Forty years ago, a 12-year-old got to go back to school on Monday as the winner of the Pioneer Press Treasure Hunt.

She got her picture in the paper with her mom and her mom’s best friend. She got to lunch with Winter Carnival royalty. She won $2,500, and the two St. Paul families got to fly in an airplane and go to Disney World and the beach.

For Diane Houle, now of Woodbury, who even at that tender age had been on a decade’s worth of hunts with her mom and her best friend’s family, it was a big deal.

“We were pretty seasoned hunters,” she said, “so it made finding it that much more incredible.”

“We used to make it a fun day for the kids,” said Gerber, now of Amery, Wis. “They looked forward to it. We’d pack up hot chocolate and some cookies, or stop and get some doughnuts. We were all bundled up and had our tools, our hoe and our rakes and a shovel in the car. They looked forward to it.”

Houle and Gerber vividly remember the exact moment they found the medallion. It was the final day of the hunt, and the lack of deep snow intensified the search at St. Paul’s Harriet Island Park.

“That final clue pinpointed the location,” Houle said. They bundled up, called the friend, Rita Taylor, and rushed to the park, already filled with frenzied hunters. There were so many people that they couldn’t dig where they thought they should.

“Where it pinpointed where it was — you couldn’t even get to that spot, there were so many people. So we just kind of looked around, and my mom pulled us over to an area where snow plows had accumulated more snow,” Houle said. “So my mom and I were truly searching side by side, she had a hoe and I had a shovel.”

Gerber takes it from here: “There were people standing 5, 6 feet away from us, and I said, ‘I hope they leave’ because we had a pathway we were trying to shovel through. … And then the people who were in our way, they walked away — and I think they were probably standing just about where, when I pulled with my hoe right, it came tumbling down.”

Houle jumps back in: “She grabbed it and we just turned to each other and didn’t say a word. So many people were there, you felt you had to keep it under wraps. … We’re starting to shake already — we walked over to Rita, we were trying to act nonchalant.”

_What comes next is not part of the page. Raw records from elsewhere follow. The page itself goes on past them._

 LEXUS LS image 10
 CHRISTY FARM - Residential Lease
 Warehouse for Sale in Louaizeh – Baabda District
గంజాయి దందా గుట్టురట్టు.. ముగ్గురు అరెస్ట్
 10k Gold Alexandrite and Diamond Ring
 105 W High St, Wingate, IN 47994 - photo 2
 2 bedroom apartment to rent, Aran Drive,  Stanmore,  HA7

The late Pioneer Press columnist Don Boxmeyer, who went public as a clue writer years later, said a hunter must have kicked the medallion from its original spot. “So, quite often the treasure can be uncovered and it’s not uncovered,” he said on “No Time for Cold Feet,” a 2008 documentary about the Treasure Hunt.

Diane Houle holds the front-page story the Pioneer Press ran after she, her mother and her mother's good friend found the Treasure Hunt medallion in 1978, when Houle was 12. "We were pretty seasoned hunters," she said, "so it made finding it that much more incredible." Houle, of Woodbury, is pictured on Tuesday, Jan. 23, 2017, in Maplewood. (Lisa Legge / Pioneer Press)
Diane Houle holds photos the Pioneer Press ran after she, her mother and her mother’s friend found the Treasure Hunt medallion in 1978, when Houle was 12. “We were pretty seasoned hunters,” she said, “so it made finding it that much more incredible.” (Lisa Legge / Pioneer Press)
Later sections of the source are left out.